#### EXERCISE DIRECTIONS
With pictures excluded, copy word for word the lines in the data below from the line containing "Nhiều chiếc trống" through the line containing "Used 2017 Toyota".

#### LISTED RECORDS
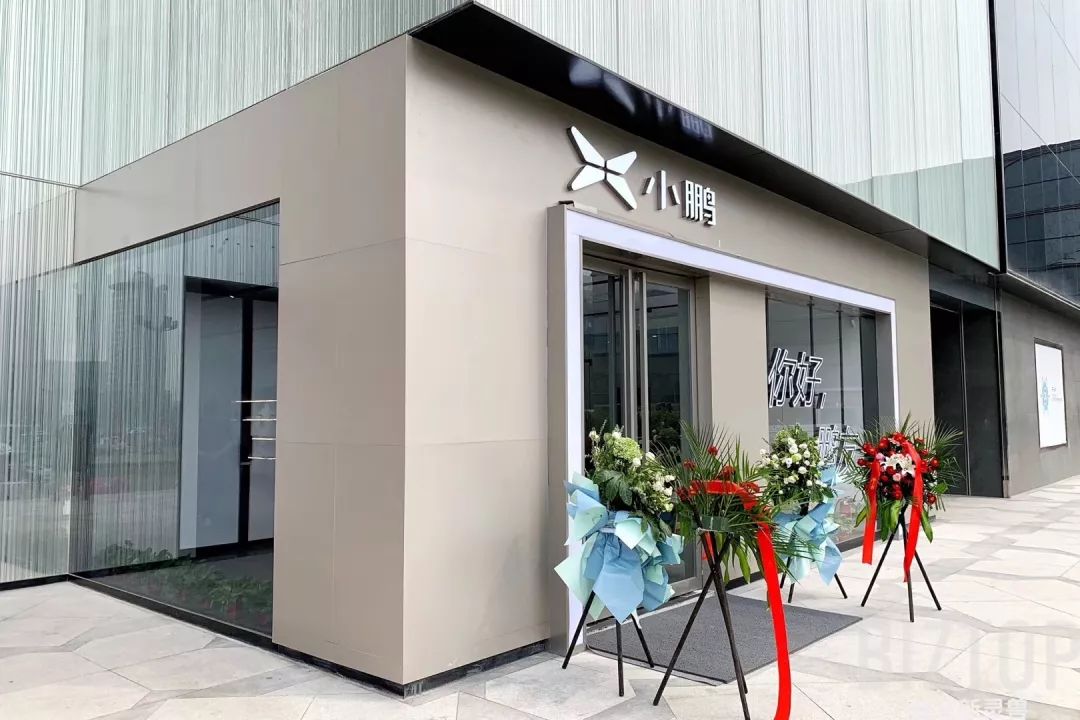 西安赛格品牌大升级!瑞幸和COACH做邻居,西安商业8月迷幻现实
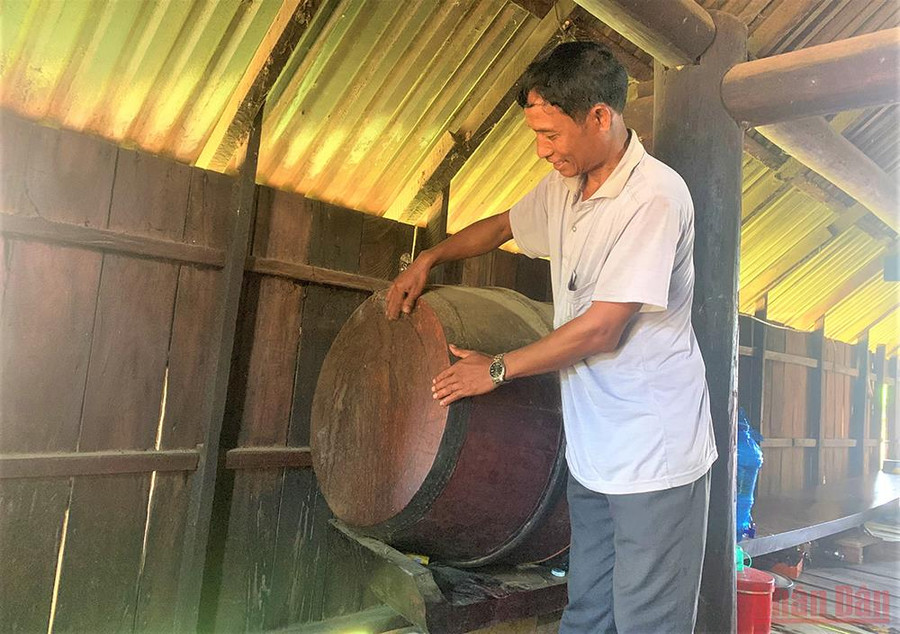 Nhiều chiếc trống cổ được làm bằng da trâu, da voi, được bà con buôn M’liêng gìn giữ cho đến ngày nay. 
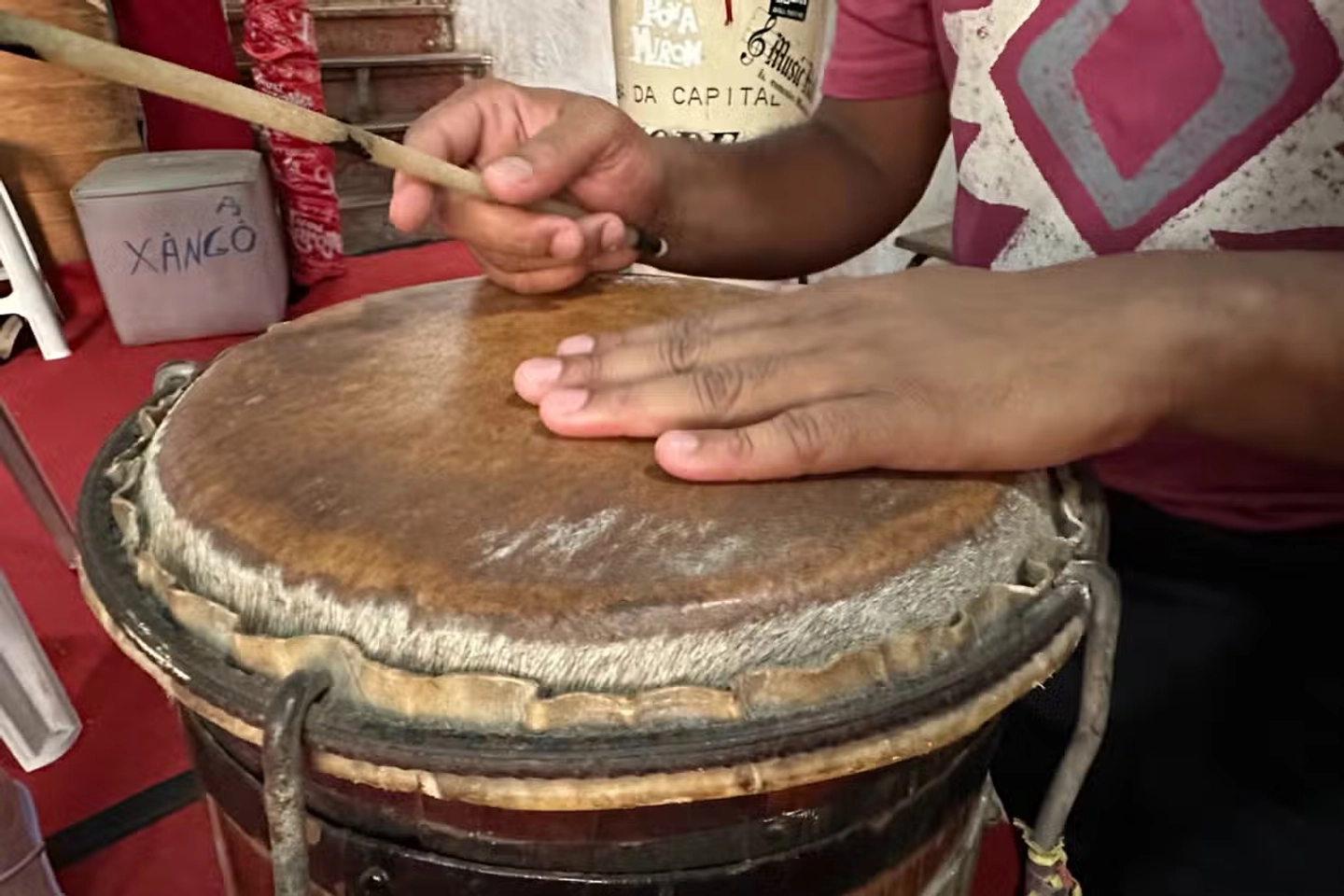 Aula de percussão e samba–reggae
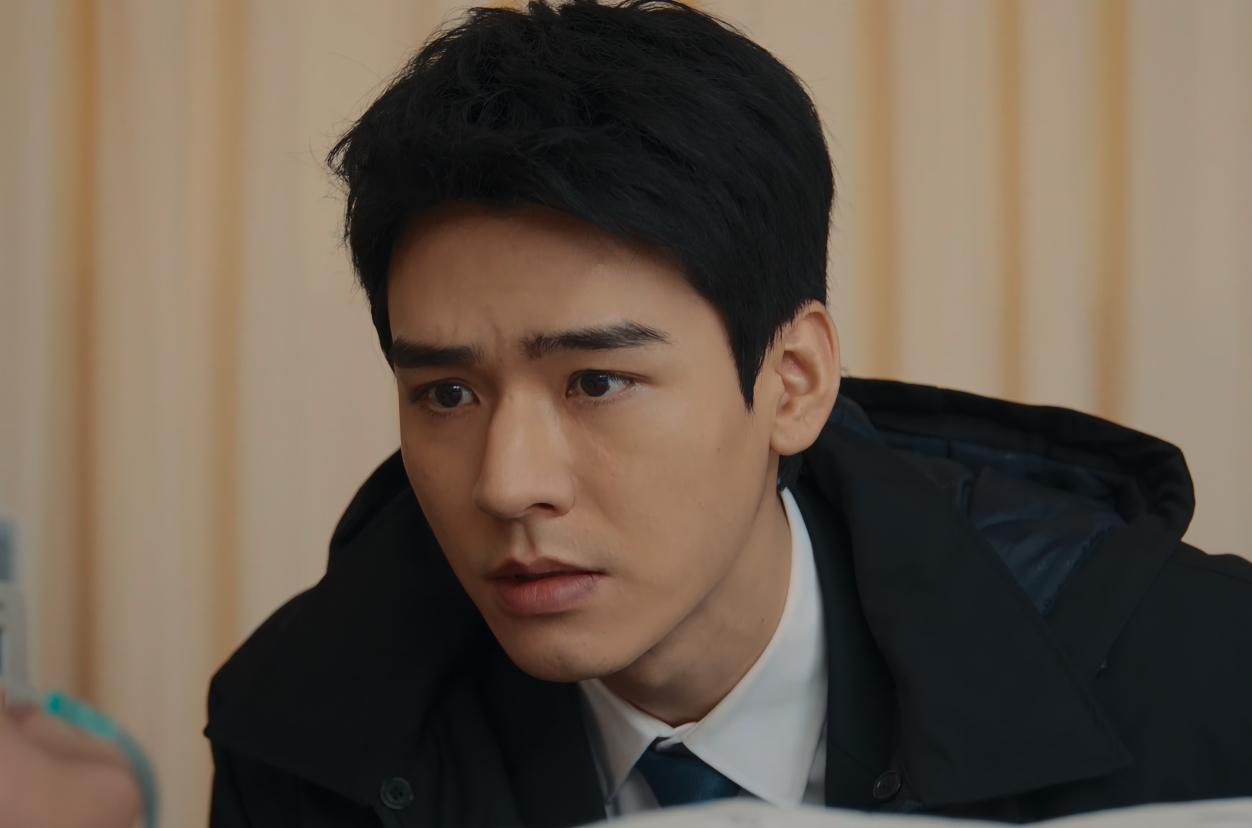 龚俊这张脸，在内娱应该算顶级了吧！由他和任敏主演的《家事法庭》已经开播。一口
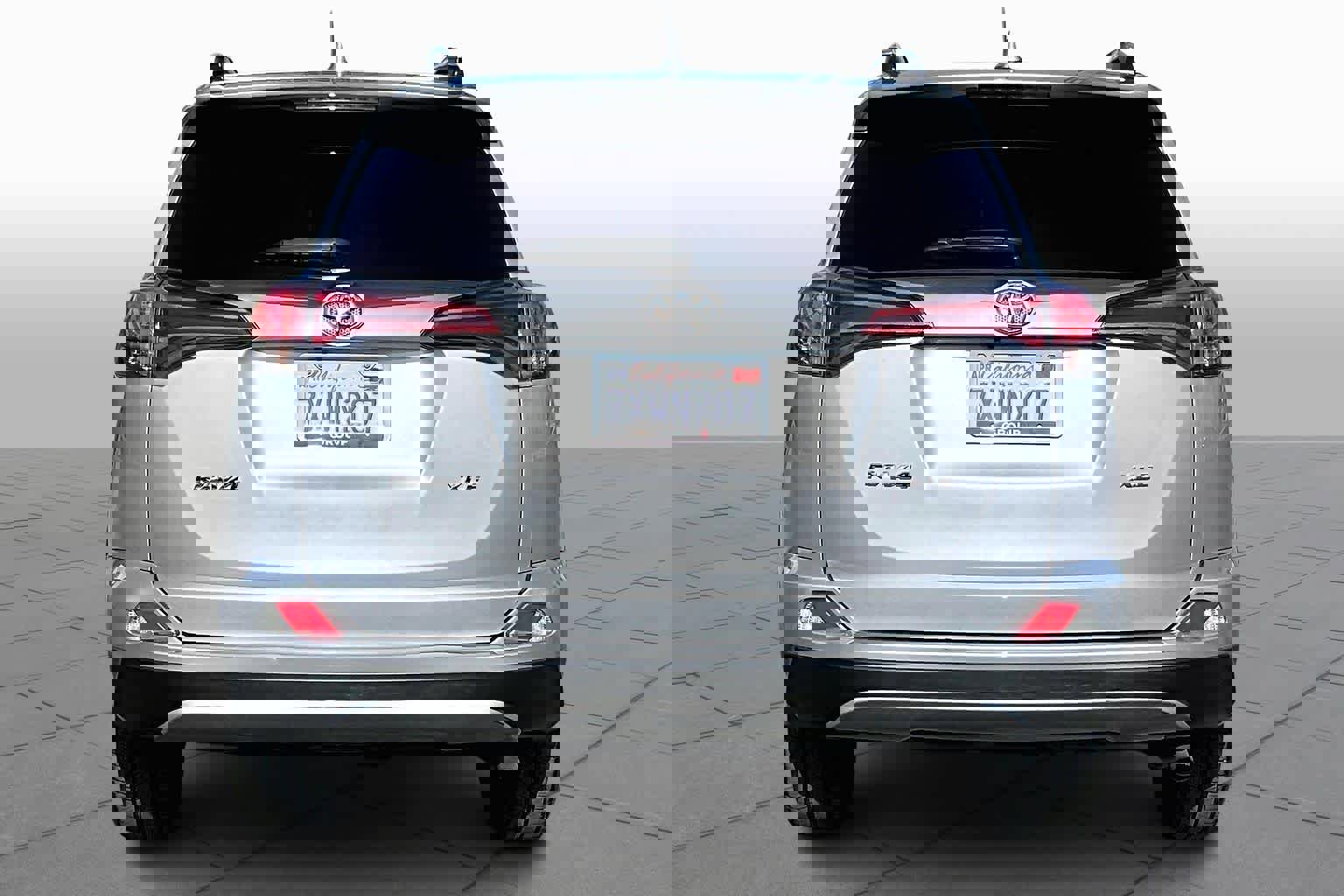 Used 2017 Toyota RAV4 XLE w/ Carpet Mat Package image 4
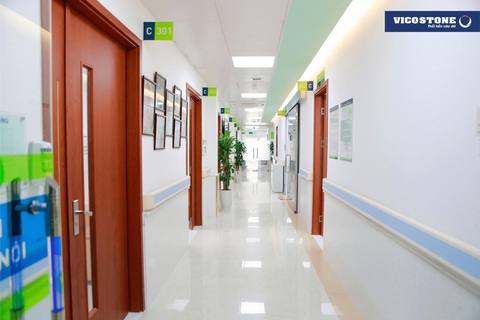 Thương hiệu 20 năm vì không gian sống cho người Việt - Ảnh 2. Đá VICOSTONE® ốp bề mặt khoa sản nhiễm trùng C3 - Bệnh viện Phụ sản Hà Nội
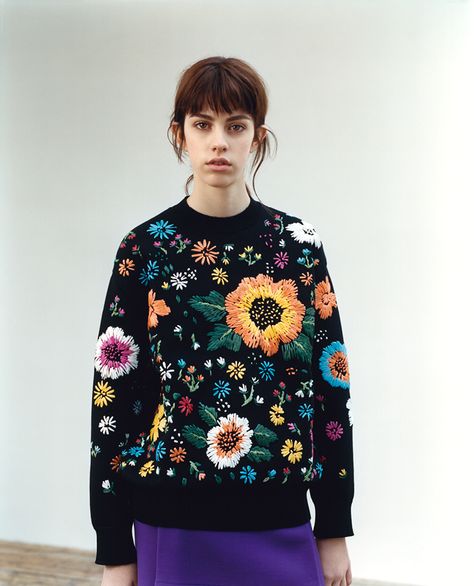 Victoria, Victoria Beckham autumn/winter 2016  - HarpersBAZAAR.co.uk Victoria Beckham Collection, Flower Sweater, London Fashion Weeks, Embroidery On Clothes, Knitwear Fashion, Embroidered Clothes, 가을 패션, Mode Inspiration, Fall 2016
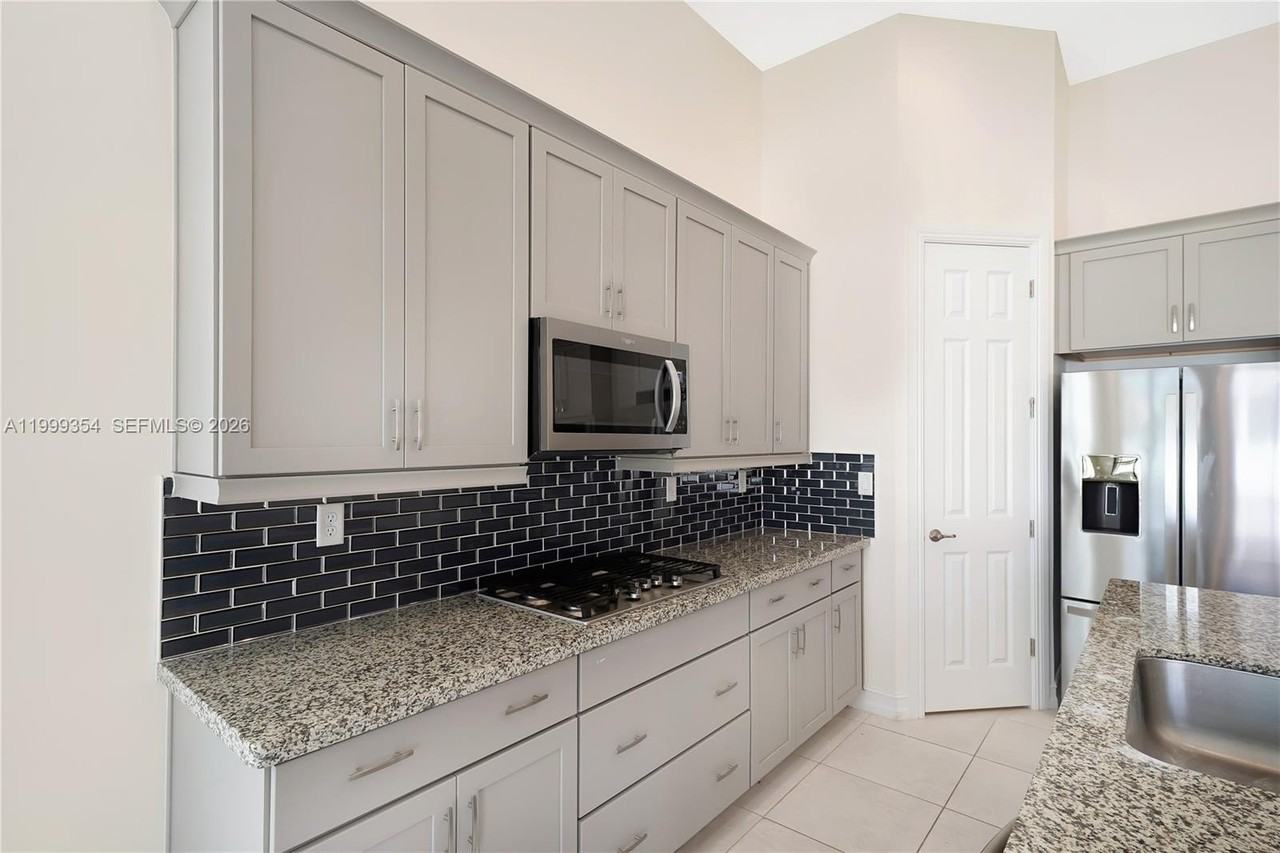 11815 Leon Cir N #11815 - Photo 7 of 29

#### OUTPUT FOR THIS EXERCISE
 Nhiều chiếc trống cổ được làm bằng da trâu, da voi, được bà con buôn M’liêng gìn giữ cho đến ngày nay. 
 Aula de percussão e samba–reggae
 龚俊这张脸，在内娱应该算顶级了吧！由他和任敏主演的《家事法庭》已经开播。一口
 Used 2017 Toyota RAV4 XLE w/ Carpet Mat Package image 4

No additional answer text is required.